JAKARTA, KOMPAS.com - Sekretaris Jenderal Partai Gerindra Ahmad Muzani mengatakan, pembentukan Detasemen Khusus Tindak Pidana Korupsi (Densus Tipikor) bentukan Polri berpotensi memunculkan masalah baru.
Menurut dia, kewenangan Densus Tipikor berpotensi tumpang tindih dengan kewenangan KPK dan Polri dalam memberantas korupsi.
Hal ini dikhawatirkan akan menjadi masalah baru.
"Jadi akhirnya anggaraan negara banyak dihabiskan untuk melakukan tindakan yang oleh lembaga lain sudah dilakukan. Koordinasi enggak ada. Tumpang tindih di lapangan akhirnya mennjadi suatu problem di masyarakat," kata Muzani di Kompleks Parlemen, Senayan, Jakarta, Selasa (17/10/2017).
Baca: Wapres JK Nilai Tak Perlu Ada Densus Tipikor Polri
Apalagi, menurut Muzani, kewenangan KPK dalam melakukan seluruh fungsi pemberantasan korupsi telah diatur secara jelas dalam Undang-undang No 30 Tahun 2002.
Ia menyadari, Polri memiliki kewenangan dalam pemberantasan korupsi. Akan tetapi, KPK merupakan intitusi utama dengan undang-undang yang bersifat lex spesialis.
Oleh karena itu, Muzani berpendapat, jangan sampai tumpang tindih kewenangan ini akan berimbas pada terlantarnya penyelesaian kasus besar.

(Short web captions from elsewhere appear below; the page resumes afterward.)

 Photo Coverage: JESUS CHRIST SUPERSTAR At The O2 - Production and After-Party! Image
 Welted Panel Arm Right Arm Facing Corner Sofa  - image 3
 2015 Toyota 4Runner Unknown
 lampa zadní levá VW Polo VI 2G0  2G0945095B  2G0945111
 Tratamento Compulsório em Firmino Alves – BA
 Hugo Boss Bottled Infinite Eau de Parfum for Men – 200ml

"Kalau lahan yang sama diperebutkan terus pasti nanti ujungnya juga ada problem baru. Dan itu tak boleh kita anggap remeh. Kalau muncul, yang terjadi nanti ada lembaga yang secara undang-undang dengan sendirinya lemah," lanjut dia.

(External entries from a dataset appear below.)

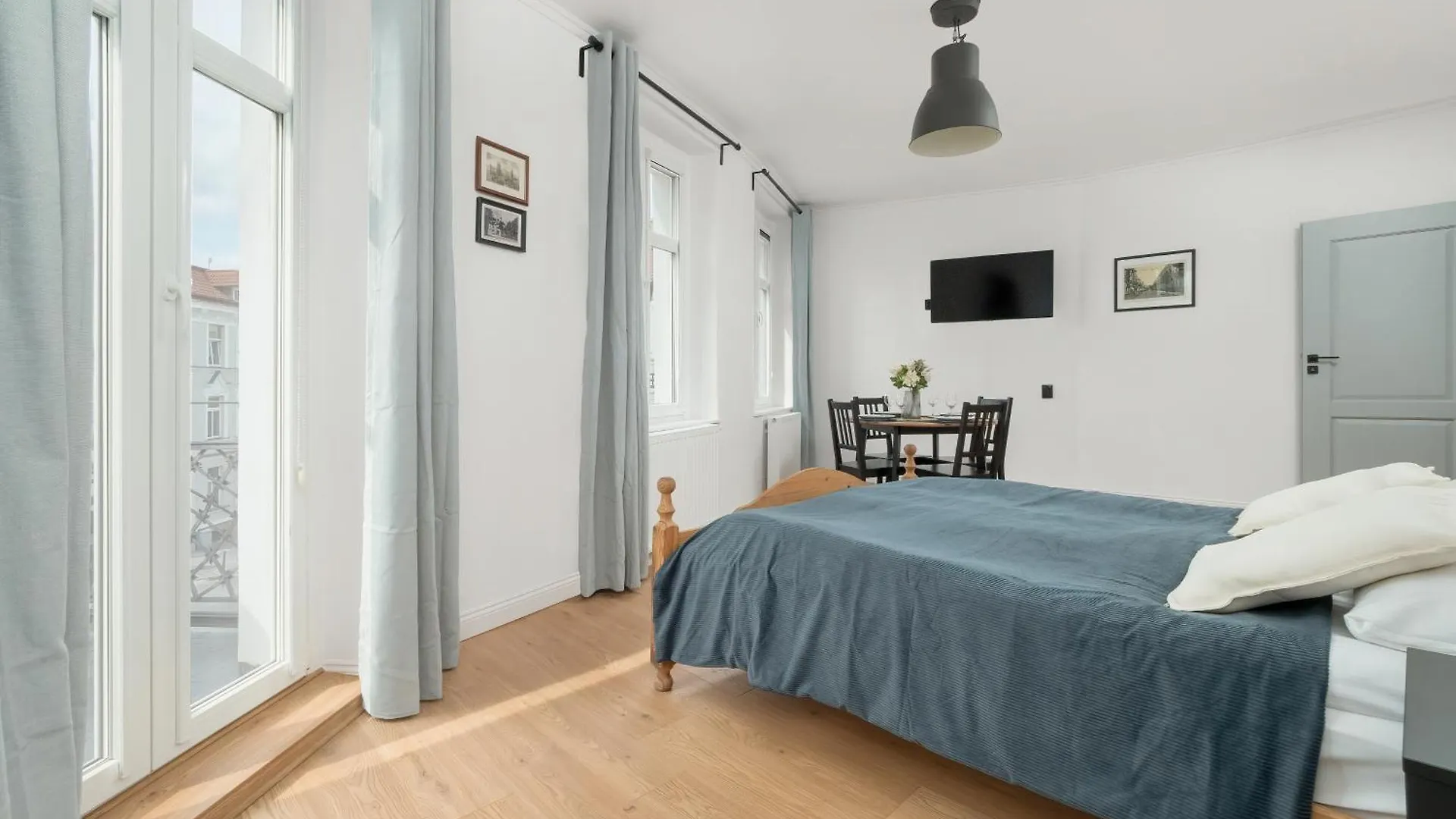 Przestronny I Jasny Apartament Gdansk Wrzeszcz By Noclegi Renters Poland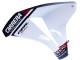 2008-2011 White Red Blue Black Star Lee Carrera Honda CBR1000RR Motorcycle Fairings UK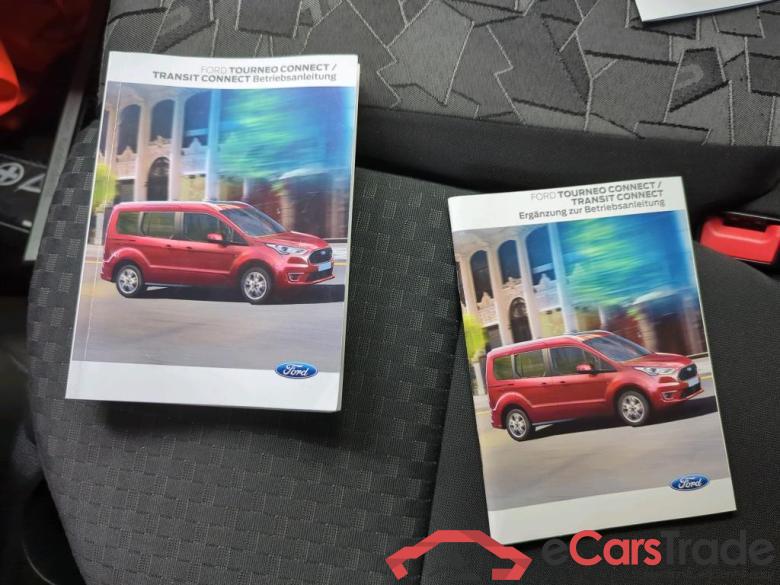 Ford _Transit Connect ´13 FORD Transit Connect 240 L2 S&S Trend 4d 88kW #3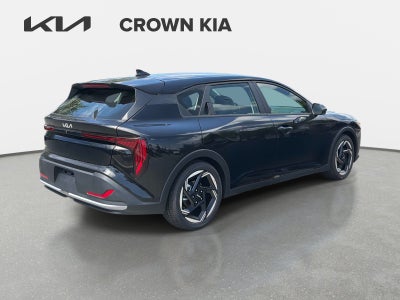 2026 Kia K4 Hatchback EX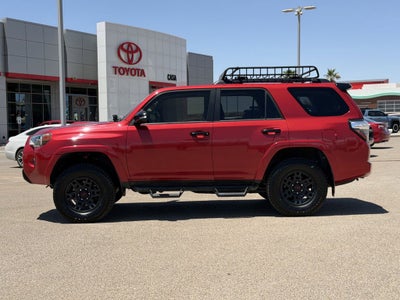 2021 Toyota 4Runner Venture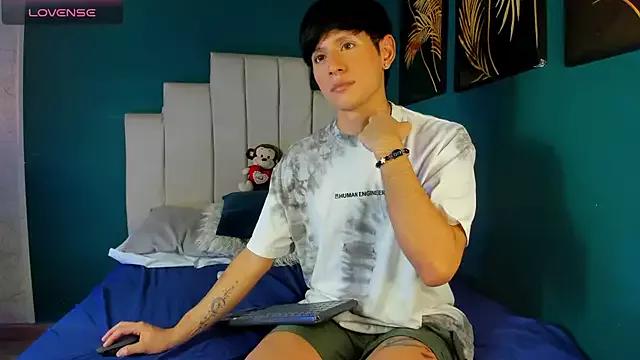 Jacob_hans from StripChat is Freechat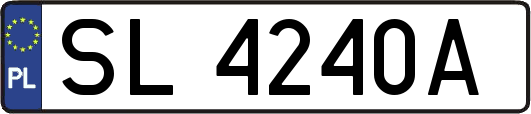 SL4240A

Wapres tak sepakat ada Densus Tipikor
Sementara itu, pada Selasa (17/10/2017) kemarin, Wakil Presiden Jusuf Kalla menilai, Polri tidak perlu membentuk Detasemen Khusus Tindak Pidana Korupsi (Densus Tipikor).
Menurut dia, saat ini cukup memaksimalkan kerja Komisi Pemberantasan Korupsi (KPK), kepolisian dan kejaksaan dalam pemberantasan korupsi.

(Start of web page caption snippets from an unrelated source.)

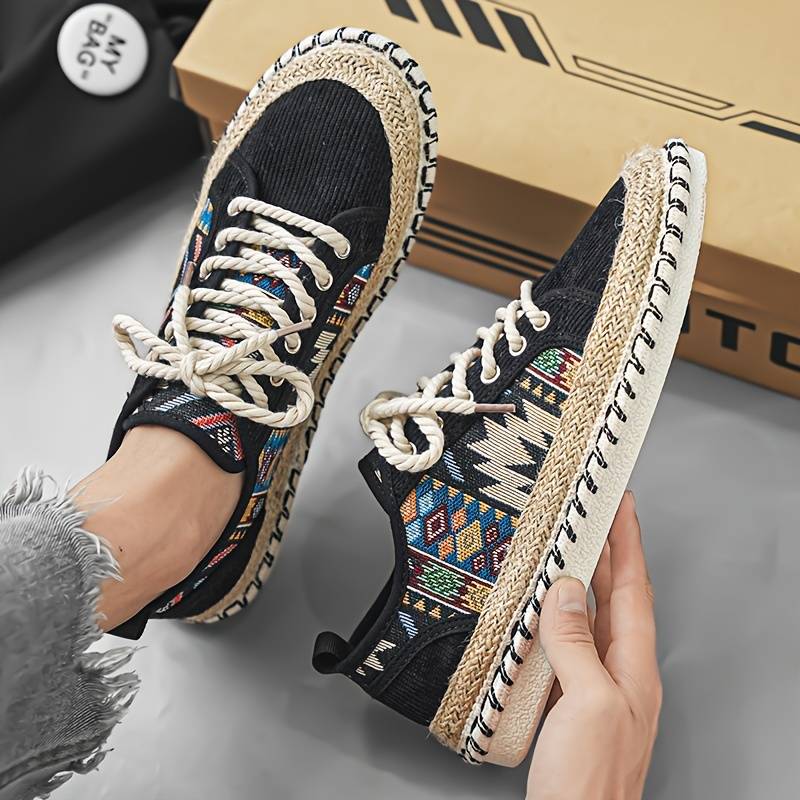 Heren Sneakers Modern en Comfortabel voor Dagelijks Gebruik 1
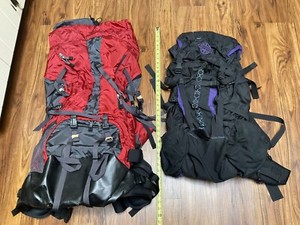 backpack attaches to osprey atmos Osprey Atmos AG 65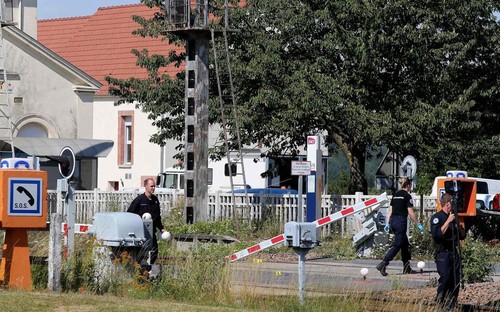 Marne: quatre morts dans une collision, entre une voiture et un TER - ảnh 1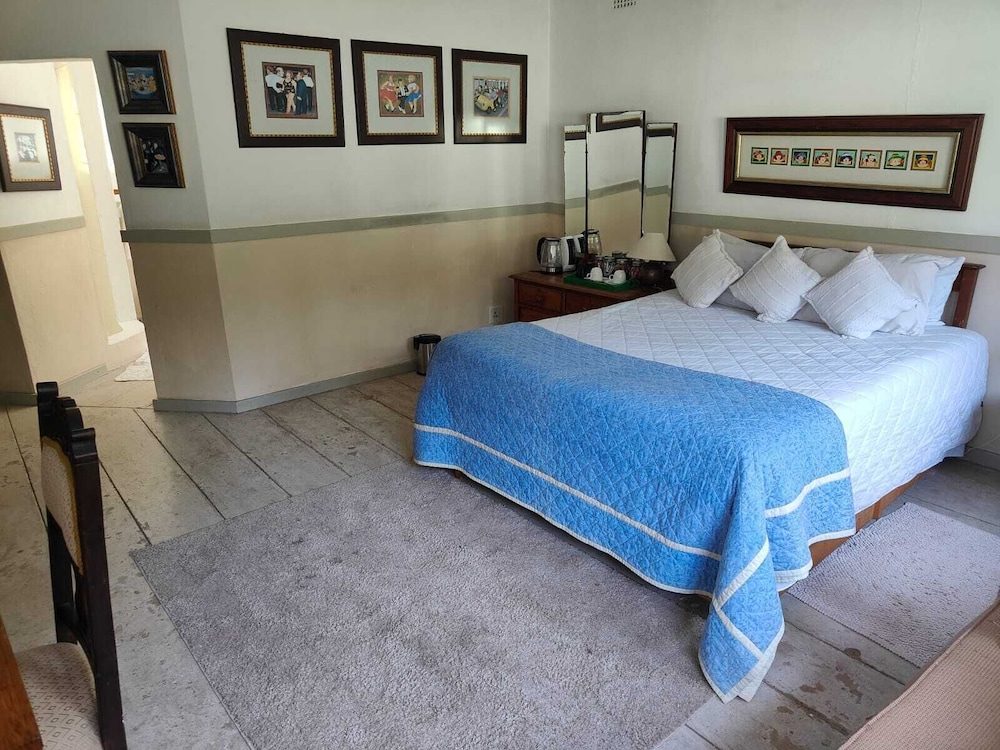 Garden of Eden Cottages and Guest House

"Jadi cukup biar KPK dulu, toh sebenarnya polisi, kejaksaan juga masih bisa menjalankan tugas. Tidak berarti perlu ada tim baru untuk melakukan itu, tim yang ada sekarang juga bisa. Difokuskan dulu KPK dan KPK dibantu sambil bekerja secara baik," kata Kalla.